Posted Dec 15, 2005 15:26 UTC (Thu) by bronson (subscriber, #4806) [Link] (2 responses)

Yes, as long as you have more slices per second to give.

Once you've maxed out a single processor, your only recourse is to run the VM on more processors. AFAIK there's no good way of doing this unless the VM is partitioned (parallelized?) as well. Multiple virtual CPUs is the best way of doing this.

But the VM doesn't care! why not always run it in a quad-cpu configuration? Because that wastes cycles if it's just being run on a single CPU.

That's just a guess. It seems an overcomplex solution to me but I haven't looked at the code yet.

SMP alternatives

Posted Dec 18, 2005 19:26 UTC (Sun) by bk (guest, #25617) [Link] (1 responses)

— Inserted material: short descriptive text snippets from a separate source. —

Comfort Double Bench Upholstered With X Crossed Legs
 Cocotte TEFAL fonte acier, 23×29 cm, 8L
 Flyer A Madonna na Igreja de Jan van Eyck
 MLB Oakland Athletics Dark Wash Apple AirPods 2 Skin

Can these processors be on different physical machines? This sounds like an implementation of SSI clustering, which is pretty cool.

SMP alternatives

Posted Dec 21, 2005 7:08 UTC (Wed) by csamuel (✭ supporter ✭, #2624) [Link]

No.

Xen is still running on a single system and whilst you can migrate a
system between Xen servers (if you've got a shared filesystem that can
cope) it only runs on one or the other with a tiny pause for the actual
transition.

SMP alternatives

Posted Dec 15, 2005 20:14 UTC (Thu) by captrb (guest, #2291) [Link] (1 responses)

Can anybody speculate whether this functionality will make various
power management easier on SMP machines? It seems (without any
knowledge to back it up) that each CPU could be removed until there
was a single CPU left, then the same procedure that works on
uniprocessor machines could be performed.

It's a really shame, especially with dual core CPU's and
hyperthreading, that there is a choice between fancy power
management and multiple processors.

SMP alternatives

Posted Dec 25, 2005 19:51 UTC (Sun) by efexis (guest, #26355) [Link]

No. This is talking about removing code once you've already switched down to a single processor, and adding code when you want to switch up.

Adding/removing processors at runtime, I believe, is already possible (otherwise this code would be pretty useless)

SMP alternatives

Posted Dec 16, 2005 17:38 UTC (Fri) by norsk (guest, #30746) [Link] (2 responses)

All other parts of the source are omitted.